Send data to Amazon S3

Amazon Simple Storage Service (Amazon S3) stores customer data files of any size in many file formats.

This topic describes the steps that are required to send files to Amazon S3 from Amperity:

  1. Get details

  2. Add destination

  3. Add data template

Get details

Amperity can be configured to send data to Amazon S3. This may be done using cross-account role assumption (recommended) or by using IAM credentials.

Use cross-account roles

Amperity prefers to send data to customer-managed cloud storage. This approach ensures that customers can:

  • Use cross-account role assumption to manage access to data

  • Directly manage the files that are made available

  • Modify access without requiring involvement by Amperity; access may be revoked at any time by either Amazon AWS account, after which data sharing ends immediately

  • Directly troubleshoot incomplete or missing files

Amperity recommends to use cross-account role assumption to manage access to customer-managed cloud storage in Amazon S3. This allows managed security policies to control access to data.

Note

If you have already configured cross-account role assumption for an Amazon S3 data source you may use the “Amperity S3 Cross-Account Storage” credential for this destination. If you have not configured cross-account role assumption, ask your Amperity representative to help you with those configuration steps.

Use credentials

Amazon S3 requires the following configuration details:

  1. The IAM access key.

  2. The IAM secret key.

  3. The Amazon Resource Name (ARN) for a role with cross-account access. (This is the recommended way to define access to customer-managed Amazon S3 buckets.)

  4. The name of the Amazon S3 bucket to which Amperity will send data and its prefix.
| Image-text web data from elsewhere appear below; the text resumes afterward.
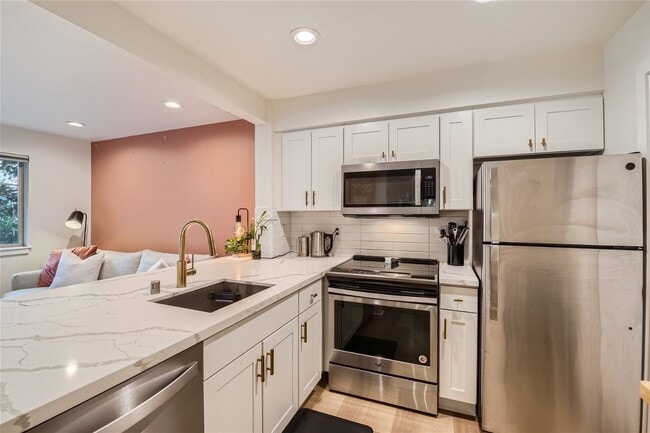 Available August 1st >> Stunning 1BR/1BA C... - Available August 1st >> Stunning 1BR/1BA C... Apartment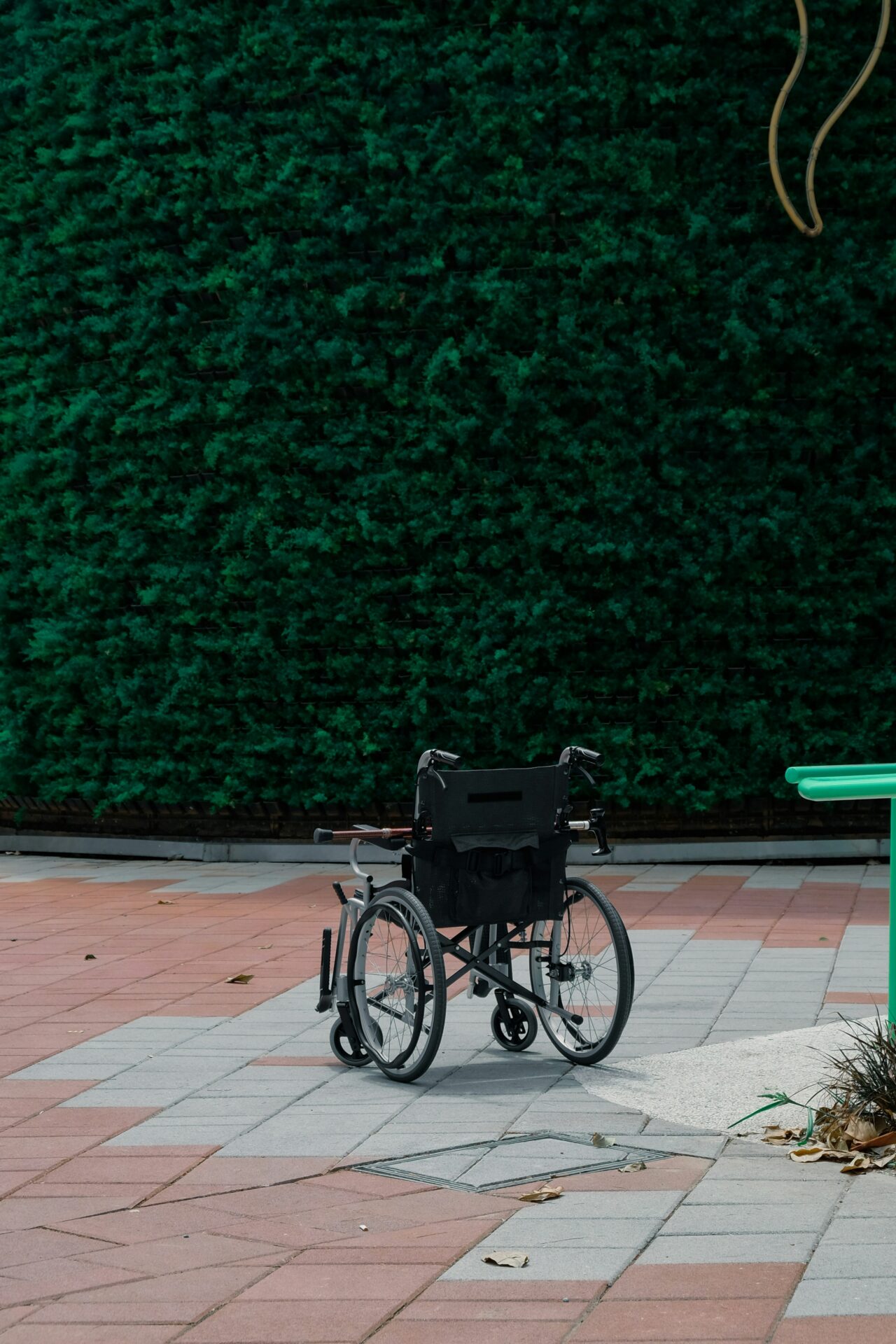Un fauteuil roulant vide dans le quartier de Belle-Terre.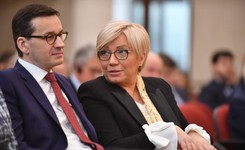 Prawo unijne czy krajowe? TK odroczył rozpatrywanie wniosku Morawieckiego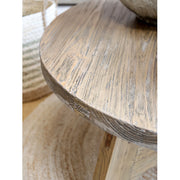 Újrahasznosított régi fából készült, kézműves dohányzóasztal.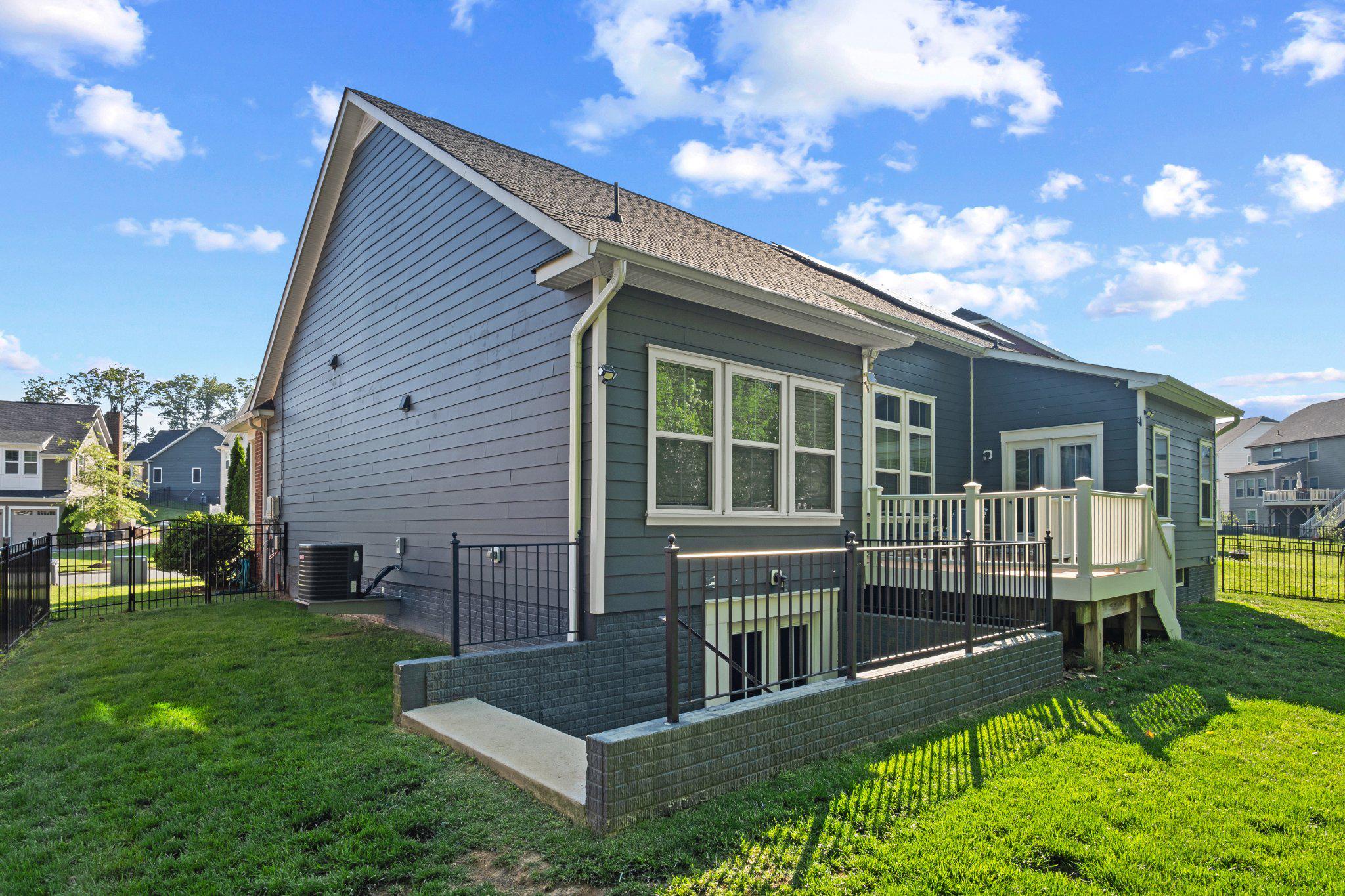 POTOMAC SHORES - Residential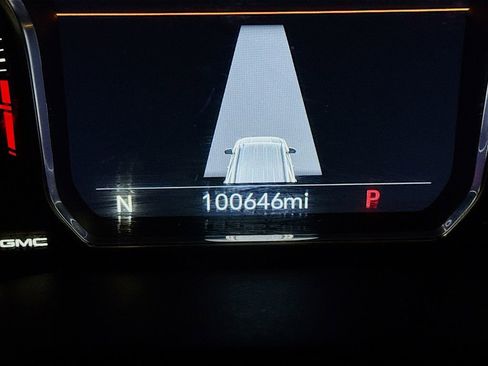 Used 2021 GMC Yukon XL Denali image 14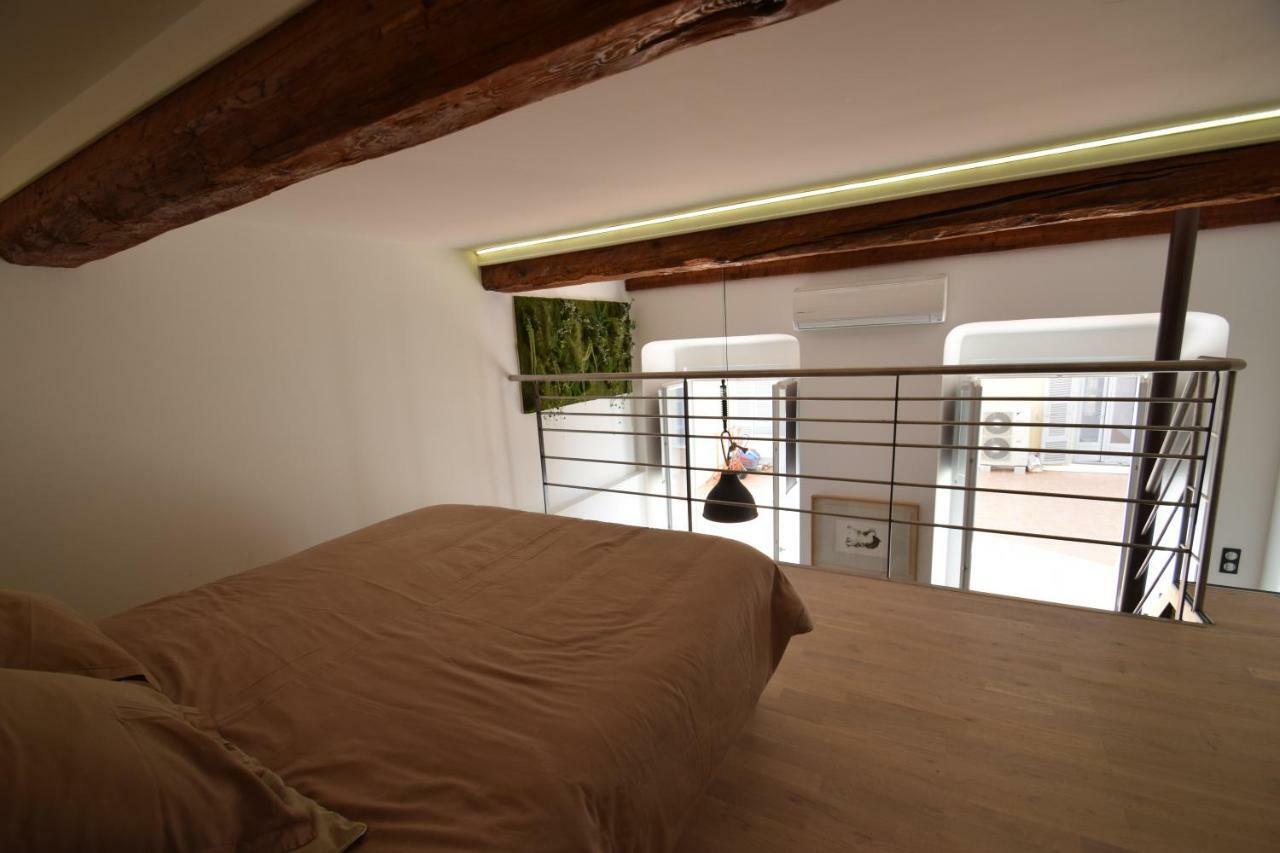 Perla Duplex - No Better Location In Ницца Экстерьер фото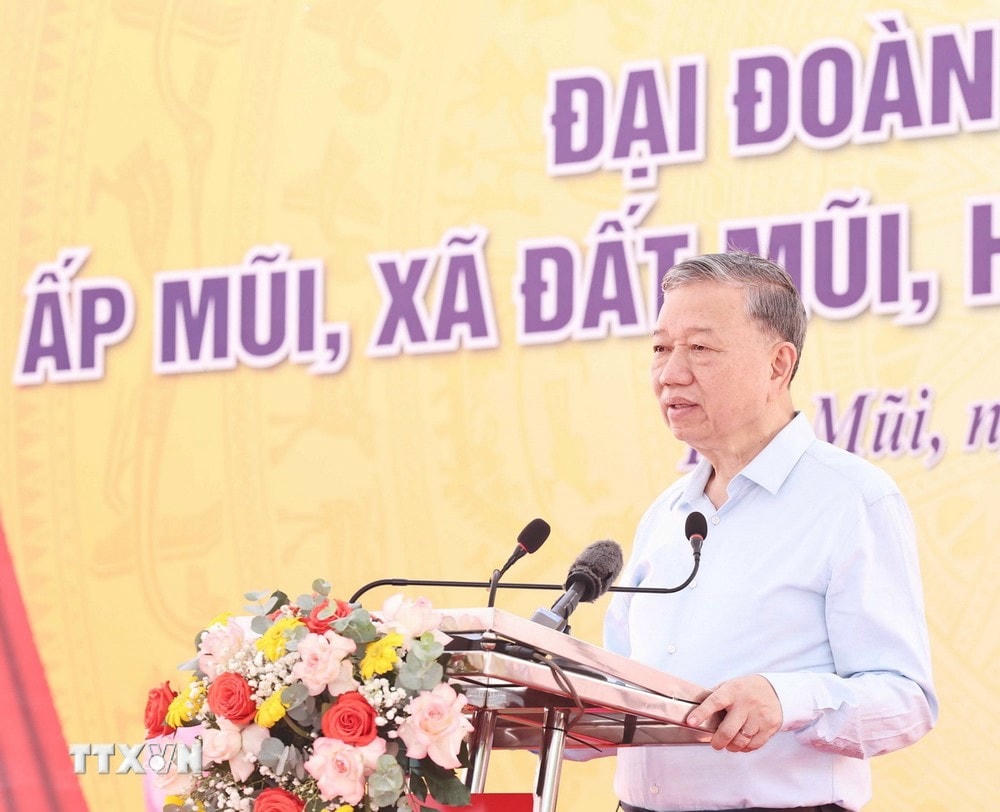 Ngày 17/11/2024, Tổng Bí thư Tô Lâm phát biểu tại Ngày hội Đại đoàn kết toàn dân tộc, ấp Mũi, xã Đất Mũi, huyện Ngọc Hiển, Cà Mau. (Ảnh: Thống Nhất/TTXVN)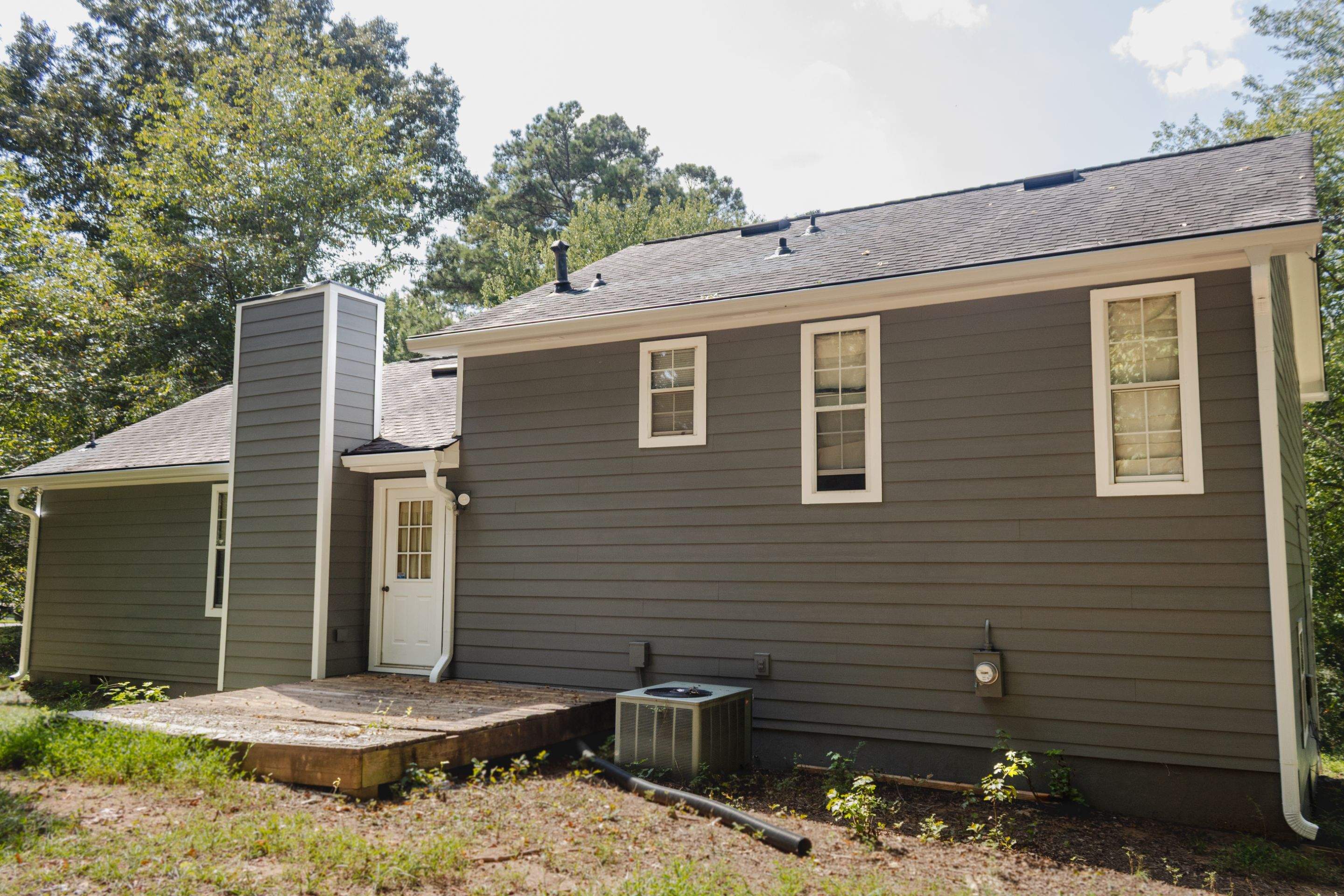 Dallas, GA Siding Replacement, Exterior Painting, and Gutter Install by Nelson Exteriors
  5. The public key to use for PGP encryption.

Optional workflows

The following sections describe additional workflows that are available. After Amperity sends data to an Amazon S3 bucket, you can configure downstream applications to consume that data and make it available to additional workflows.

Amazon Redshift

Amazon RedShift is a data warehouse located within Amazon Web Services that can handle massive sets of column-oriented data.

Amperity can be configured to send data to an Amazon S3 bucket, after which Amazon Redshift can be configured to load that data. Applications can be configured to connect to Amazon Redshift and use the Amperity output as a data source.

You may use the Amazon S3 bucket that comes with your Amperity tenant for the intermediate step (if your Amperity tenant is running on Amazon AWS). Or you may configure Amperity to send data to an Amazon S3 bucket that your organization manages directly.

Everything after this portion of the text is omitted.